Sultan Pajang (Sultan Hadiwijaya) teramat menyesali perbuatannya. Ia kemudian mengundang para putra Adipati Wirasaba ke Pajang. Dari berbagai putra Adipati Wirasaba, hanya menantunya (Joko Kahiman) yang berani menghadap Sultan Pajang. Demi menebus kesalahannya, Sultan Pajang melantik Joko Kahiman sebagai Adipati Wirasaba. Ia kemudian membagi wilayah kadipaten menjadi empat yakni : Senon, Wirasaba, Toyareka, dan Pasir. Wirasaba inilah muasal Banyumas (lihat Menuju Keemasan Banyumas, 2015:126). Seiring berjalannya waktu, Banyumas yang semula diurus Kerajaan Pajang, beralih tangan ke kerajaan Kasunan Surakarta. Waktu itu wilayah Karisedenan Banyumas meliputi: Kabupaten Purbalingga; Kabupaten Banjarnegara; Kabupaten Banyumas; Kabupaten Cilacap; dan Kabupaten Purwokerto. Baru pada zaman kolonial Banyumas dijadikan kota Residente (Karisedenan) sekaligus Ibu Kota Kabupaten Banyumas. Segera pemerintah kolonial melakukan pembangunan di sekitar Ibu Kota Kabupaten Banyumas.

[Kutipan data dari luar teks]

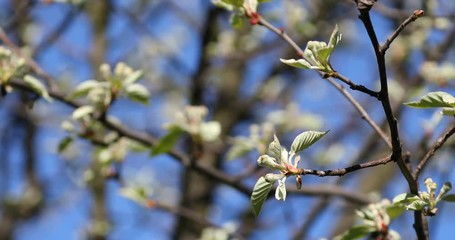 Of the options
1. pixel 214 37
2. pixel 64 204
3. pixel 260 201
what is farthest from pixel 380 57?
pixel 64 204

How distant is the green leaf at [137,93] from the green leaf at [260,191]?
1047 mm

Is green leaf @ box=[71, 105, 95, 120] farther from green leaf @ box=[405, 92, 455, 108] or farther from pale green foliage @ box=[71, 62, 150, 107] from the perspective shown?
green leaf @ box=[405, 92, 455, 108]

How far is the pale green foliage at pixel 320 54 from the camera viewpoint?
4.64 feet

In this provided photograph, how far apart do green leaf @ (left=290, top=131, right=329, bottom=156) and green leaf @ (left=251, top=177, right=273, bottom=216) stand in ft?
0.27

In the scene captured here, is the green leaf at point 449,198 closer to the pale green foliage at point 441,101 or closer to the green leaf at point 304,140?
the pale green foliage at point 441,101

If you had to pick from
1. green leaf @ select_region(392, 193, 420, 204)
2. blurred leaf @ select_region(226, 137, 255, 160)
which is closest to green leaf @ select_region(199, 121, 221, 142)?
blurred leaf @ select_region(226, 137, 255, 160)

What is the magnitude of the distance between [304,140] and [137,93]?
1.12 metres

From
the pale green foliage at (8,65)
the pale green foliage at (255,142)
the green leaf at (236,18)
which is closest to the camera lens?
the green leaf at (236,18)

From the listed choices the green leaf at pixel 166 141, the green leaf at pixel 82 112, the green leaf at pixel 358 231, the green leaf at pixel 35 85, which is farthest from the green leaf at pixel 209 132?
the green leaf at pixel 358 231

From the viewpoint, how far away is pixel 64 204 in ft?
24.0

Untuk mencandra Banyumas di masa lalu, saya akan menceritakan kisah-kisah mainstream yang ada. Pasalnya, hal semacam itu sayup dalam sejarah. Perubahan status Banyumas, yang pada dasarnya merupakan akal-akalan administratif, yang tidak mengubah gaya pemerintahannya. Ujung-ujungnya Banyumas tetap diperintah sebagai daerah wilayah barat mengingat jaraknya yang jauh dari ibu kota dan susunan pemerintahannya. Banyumas yang asli sudah diperintah sebagai provinsi wilayah barat Surakarta sampai 1773, ketika kedudukannya diubah menjadi bagian Negara Agung demi melegakan perasaan Sultan Mangkubumi yang keberatan bahwa Yogya menguasai sedikit saja daerah di ujung barat wilayah Mataram lama.

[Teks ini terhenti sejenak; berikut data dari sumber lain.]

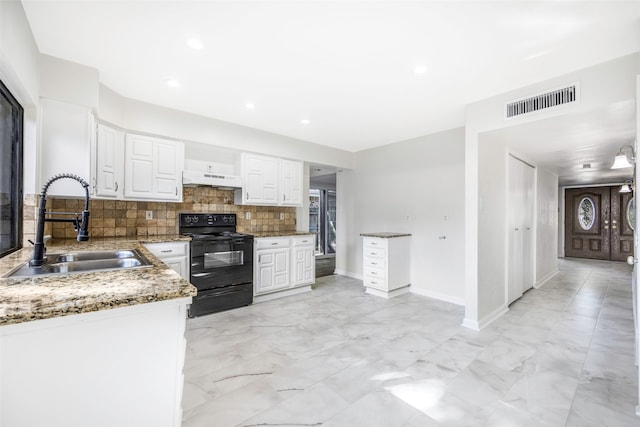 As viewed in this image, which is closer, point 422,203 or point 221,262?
point 221,262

Wilayah Banyumas dahulu merupakan daerah “Mancanegara Kulon” dari kerajaan-kerajaan Jawa sejak: Majapahit; Demak; Pajang; Mataram; Kartasura hingga Kasunanan Surakarta. Pasca Perang Jawa (1825-1830), Kadipaten Banyumas dilepaskan dari kekuasaan Kasunanan Surakarta dan menjadi wilayah kekuasaan Pemerintah Kolonial Belanda pada 1830. Bagi kolonial, menumpas Perang Jawa sama halnya melindungi kepentingan 2 kerajaan: Kerajaan Yogyakarta dan Kerajaan Surakarta dari pemberontakan oleh kerabat kerajaan (Pangeran Diponegoro). Kerugian besar diderita oleh pihak kolonial nyaris dibebankan kepada pihak kerajaan. Akhirnya, sebagai tebusan pihak kolonial meminta wilayah “Mancanegara Barat”: Banyumas dan Bagelen, dan “Mancanegara Timur: Kediri dan Madiun.

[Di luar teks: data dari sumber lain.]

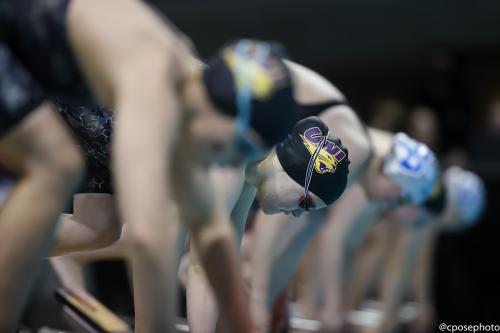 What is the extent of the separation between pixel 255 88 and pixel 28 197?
0.60 meters

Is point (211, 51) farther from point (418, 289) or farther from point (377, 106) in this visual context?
point (418, 289)

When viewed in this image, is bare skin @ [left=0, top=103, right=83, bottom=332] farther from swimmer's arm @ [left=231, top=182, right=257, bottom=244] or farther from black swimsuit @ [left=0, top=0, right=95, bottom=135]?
swimmer's arm @ [left=231, top=182, right=257, bottom=244]

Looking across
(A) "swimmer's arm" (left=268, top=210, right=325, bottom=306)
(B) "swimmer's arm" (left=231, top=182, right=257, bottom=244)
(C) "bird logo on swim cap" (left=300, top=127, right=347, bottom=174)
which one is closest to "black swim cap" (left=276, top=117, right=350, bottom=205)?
(C) "bird logo on swim cap" (left=300, top=127, right=347, bottom=174)

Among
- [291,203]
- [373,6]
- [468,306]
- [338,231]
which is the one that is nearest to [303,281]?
[338,231]

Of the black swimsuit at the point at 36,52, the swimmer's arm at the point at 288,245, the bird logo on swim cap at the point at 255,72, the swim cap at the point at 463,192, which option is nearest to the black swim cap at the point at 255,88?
the bird logo on swim cap at the point at 255,72

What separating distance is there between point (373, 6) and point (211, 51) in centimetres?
188

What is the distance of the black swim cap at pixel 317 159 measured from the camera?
11.2 ft

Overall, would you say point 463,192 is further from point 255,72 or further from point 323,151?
point 255,72

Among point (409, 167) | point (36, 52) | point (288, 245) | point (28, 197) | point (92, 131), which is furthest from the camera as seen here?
point (409, 167)

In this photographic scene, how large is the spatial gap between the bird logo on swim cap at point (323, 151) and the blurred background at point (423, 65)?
17.4ft

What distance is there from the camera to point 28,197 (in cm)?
212

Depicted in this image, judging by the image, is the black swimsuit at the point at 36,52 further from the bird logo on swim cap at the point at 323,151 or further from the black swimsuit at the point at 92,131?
the bird logo on swim cap at the point at 323,151

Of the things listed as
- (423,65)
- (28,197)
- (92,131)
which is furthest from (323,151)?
(423,65)

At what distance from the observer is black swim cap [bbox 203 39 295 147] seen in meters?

Wilayah Banyumas dahulu merupakan daerah “Mancanegara Kulon” dari kerajaan-kerajaan Jawa sejak: Majapahit; Demak; Pajang; Mataram; Kartasura hingga Kasunanan Surakarta. Pasca Perang Jawa (1825-1830), Kadipaten Banyumas dilepaskan dari kekuasaan Kasunanan Surakarta dan menjadi wilayah kekuasaan Pemerintah Kolonial Belanda pada 1830.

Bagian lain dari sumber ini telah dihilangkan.